While we try to teach our children all about life, our children teach us what life is all about” – Angela Schwindt.

As a parent I was surprised when my daughter behaved like a mother to my son when there was an age difference between them. Even when she was small, she had that mother instinct within her. I used to tell my son that she is his second mother. She takes care of her brother very well and always has respect and kindness towards him and elders. She has not even called her brother by his name. She always calls him by her mother tongue (Anna).

Even during her school activities, she always thought about the family and used to get something for everyone in the family. I was surprised when she got a book for her father, pen for me and a scale for her brother when she was in grade 1, during her math bazaar.
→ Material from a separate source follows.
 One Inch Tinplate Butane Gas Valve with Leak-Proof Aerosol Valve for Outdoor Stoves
I am surprised when she wholeheartedly contributes to charity and others. She understands when she needs something from the shop and when we tell her that we will get it later, she understands the situation and just walks along with us without any frustration or tears in her eyes.

She understands everything that we tell or teach her at home. We need to just tell her once or twice for her practices and she follows it. Even when somebody is sick in the family she prays and makes the person comfortable. That’s a big lesson I learned from her.
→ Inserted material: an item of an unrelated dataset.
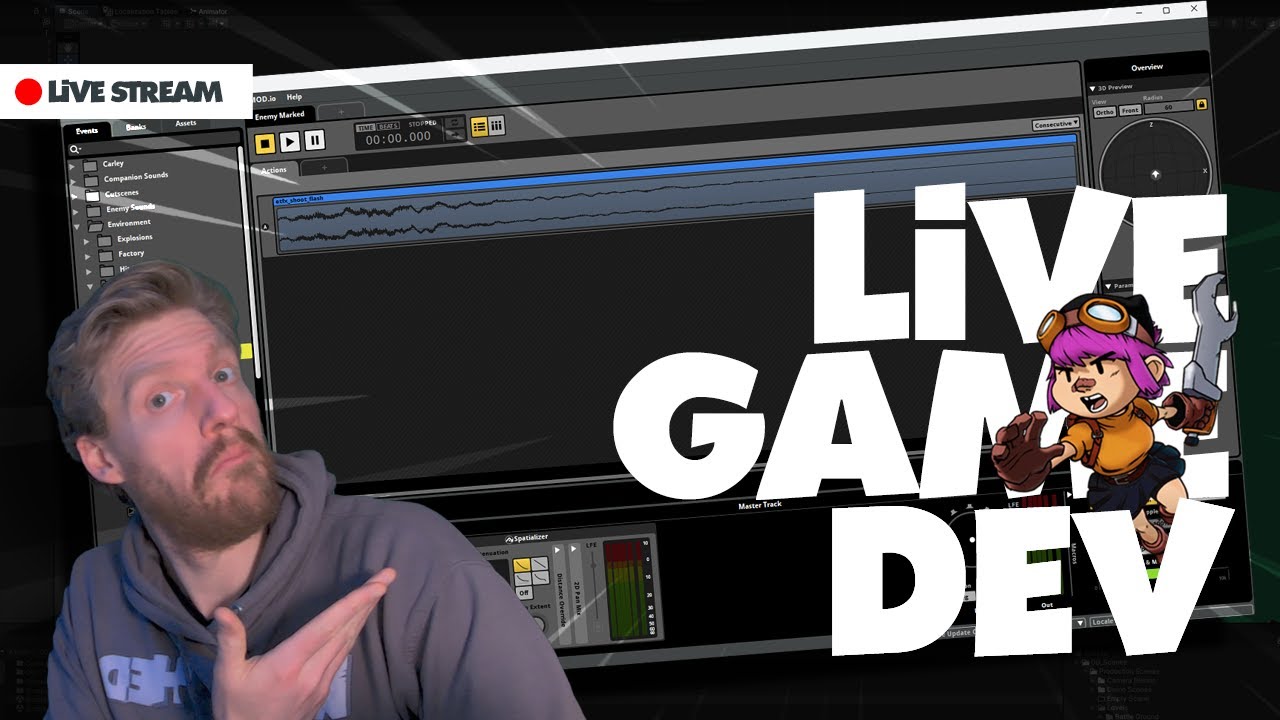 Making some SFX (tech difficulties) - Wrenched Dev Stream #9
She likes to help her parents and her siblings. She is always open and always tries to help everyone. She volunteers herself to help others and parents. She is very adaptable when we are outside or in the family or with the friends. She is very kind and respectful with others and parents.

All these four years of school, she was praised by all her teachers and there was no negative remark from the school. We feel so happy and proud about the kid as a parent. There was always a wholehearted participation in every activity in class, in school like music, dance. I really feel very proud of my daughter whenever I see her performing in stage very well. The school supports my child and encourages her to do better and make her shine brighter. It is because of the school and home support she can do or perform very well.

   The perspective goals that can encourage other parents are:

  1. The power of letting them try everything on their own. It is okay to face small frustrations, that’s where confidence blooms.
  2. Listening changes everything in a child’s behavior or moods.

     3. A small act can make a big change. Parents are encouraged to create a
          small rituals that build connection and gratitude.

  • Finding grace in imperfection is a reminder that love doesn’t require         perfection. Sharing can reassure that other parents’ mistakes don’t define us.           The child forgives the parent quickly.

The child is an unexpected teacher when we make a mistake and reminds us to use the golden words. It is a moment when they become teachers to us.

Other parents might find hope knowing that growth is mutual – parenting is a two-way education.